JIM WEBB – THE OLD TIME DEMOCRAT
The old Democrat Party was a motley collection of selected plutocrats, labor bosses, Southern segregationists, smaller farmers, urban liberals and, as early as the 1930s, racial minorities. It was no doubt a clunky coalition but delivered big time: winning World War II, pushing back the Soviet Union and making it to the moon while aiding tens of millions of Americans to ascend into the middle class.
Only one Democrat candidate in the 2016 presidential race, James Webb, represents this old coalition.
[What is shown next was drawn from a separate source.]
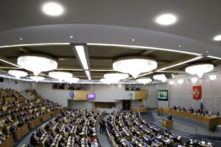 Các nhà lập pháp Nga tham dự phiên họp của Duma Quốc gia (Hạ viện của Quốc hội Liên bang) ở Moscow, Nga, vào ngày 16/01/2020. (Ảnh: Evgenia Novozhenina/Reuters)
A decorated combat veteran, onetime Reagan Navy secretary and former U.S. senator from Virginia, Webb, 69, combines patriotism with a call for expansive economic policies to help the middle class.
He speaks most directly to white working-class voters, particularly in places like Appalachia, the South and in rural hamlets and exurbs across the country, precisely where Democrats are now regularly thrashed in elections.
So far, his candidacy is attracting little to no mention, because he identifies with an America – white, rural or suburban – disdained or ignored by the official press. Many current Democrats not only dislike these constituencies, but don’t even want to deal with them, counting, instead, on their lock-step support of minorities, rich liberals, single women and prefamily millennial voters.
Today’s “Post-American” Democrat Party is heading where Barack Obama has pushed it – a full-throated program of statist gentry leftism. Jim Webb wants to reverse that direction.